Object Detection using Machine learning
This project aims to develop an object detection system using state-of-the-art models and datasets to identify and locate objects within images.
Technologies and Tools
TensorFlow: The deep learning framework will be used for model development, training, and evaluation.
LabelImg: This tool will be employed for image annotation and labeling.
Roboflow: Used to generate TensorFlow records for efficient data ingestion.
EfficientDet: Implementation of the EfficientDet model for object detection.
SSD MobileNet v2: Implementation of the SSD MobileNet v2 model.
SSD MobileNet v2 FPNLite: Implementation of the SSD MobileNet v2 FPNLite model.
Here’s a summary of each model’s performance based on the data above.
SSD-MobileNet-v2: With an inference time of 68.96 ms and a COCO mAP score of 60.99%, the quantized version of this model strikes a good balance between speed and accuracy. The floating point version can be used for a decent boost in accuracy with only a slight reduction in speed.
SSD-MobileNet-v2-FPNLite: It’s not quite as fast as regular SSD-MobileNet-v2, but it has excellent accuracy, especially considering the small size of the training dataset. It’s able to successfully detect 306 out of the 335 total objects in the test images. While the total number of objects detected is only slightly higher than EfficientDet-Lite-D0, it generally had 90% - 99% confidence in its predictions, while the EfficientDet model confidences ranged widely between 50% - 95%.
EfficientDet-D0: This model is slow and performed inaccurately on this dataset. The poor accuracy is likely due to the limited size of the coin dataset I used for training. Theoretically, this model should be able to achieve higher accuracy than any other model in this list. It should only be used in applications with higher compute power and where a larger training dataset is available.
Conclusions
Here are my top recommended models based on the results of this test.

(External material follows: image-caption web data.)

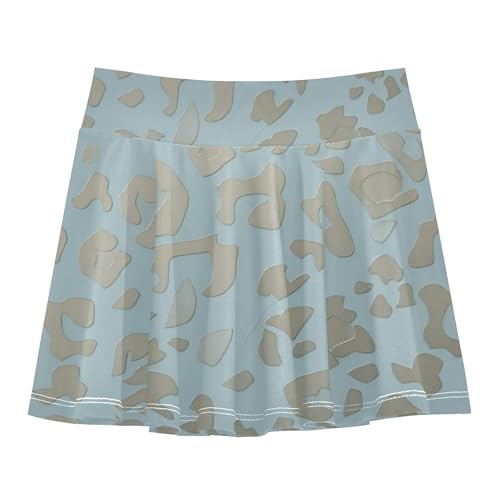 Little Girls Tennis Skirt with Shorts Flowy Little Girl Active Skort Kids Pleated Skort with Pockets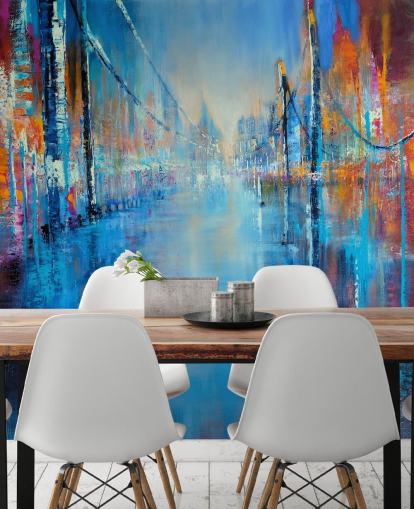 blue and orange abstract art of road wallpaper blue and orange abstract art of road wallpaper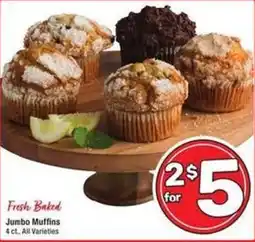 Albertsons Fresh Baked Jumbo Muffins offer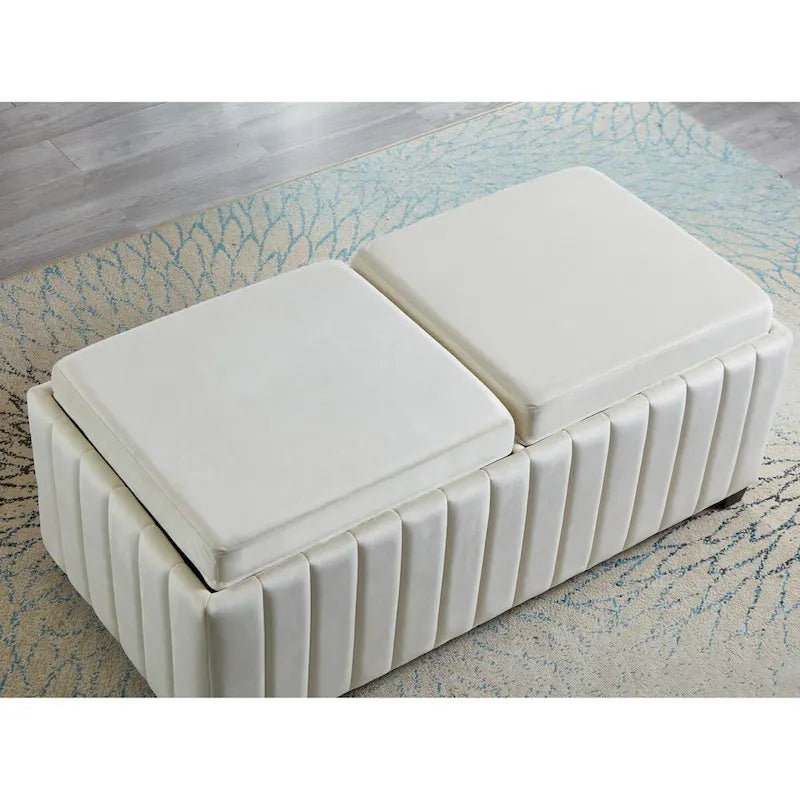 Storage Bench with coffee tray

First Place: SSD-MobileNet-FPNLite-320x320
This model has exceptional accuracy (even when trained on a small dataset) while still running fast enough to achieve near real-time performance. If you need high accuracy and your application can wait a few hundred milliseconds to respond to new inputs, this is the model for you.
Why is this model my favorite? Generally, accuracy is much more important than speed. This is especially true when creating a prototype that you want to demonstrate to stakeholders or potential investors. (For example, it’s more embarrassing when your Automated Cat Flap prototype accidentally lets in a raccoon because it was mis-identified as a cat than when it takes three seconds to let in your cat instead of two seconds.) SSD-MobileNet-FPNLite-320x320 has great accuracy with a small training dataset and still has near real-time speeds, so it’s great for proof-of-concept prototypes.
SSD-MobileNet-v2
The SSD-MobileNet architecture is popular for a reason. This model has great speed while maintaining relatively good accuracy. If speed is the most crucial aspect of your application, or if it can get away with missing a few detections, then I recommend using this model. The low accuracy can be improved by using a larger training dataset.
EfficientDet-Lite-D0
This model has comparable speed to SSD-MobileNet-FPNLite-320x320, but it has worse accuracy on this dataset. I recommend trying this model if you aren’t achieving good accuracy with the SSD-MobileNet models, as the different architecture may perform better on your particular dataset. Note that larger (and thus more accurate) EfficientDet-Lite models are trainable through TFLite Model Maker, but they will have much slower speeds.
Overview
Object detection is a fundamental task in computer vision with numerous applications, such as autonomous driving, surveillance, and image analysis. We will explore three different models - EfficientDet, SSD MobileNet v2, and SSD MobileNet v2 FPNLite - trained on three distinct input image sizes (512x512, 320x320, and 640x640) to compare their performance and efficiency.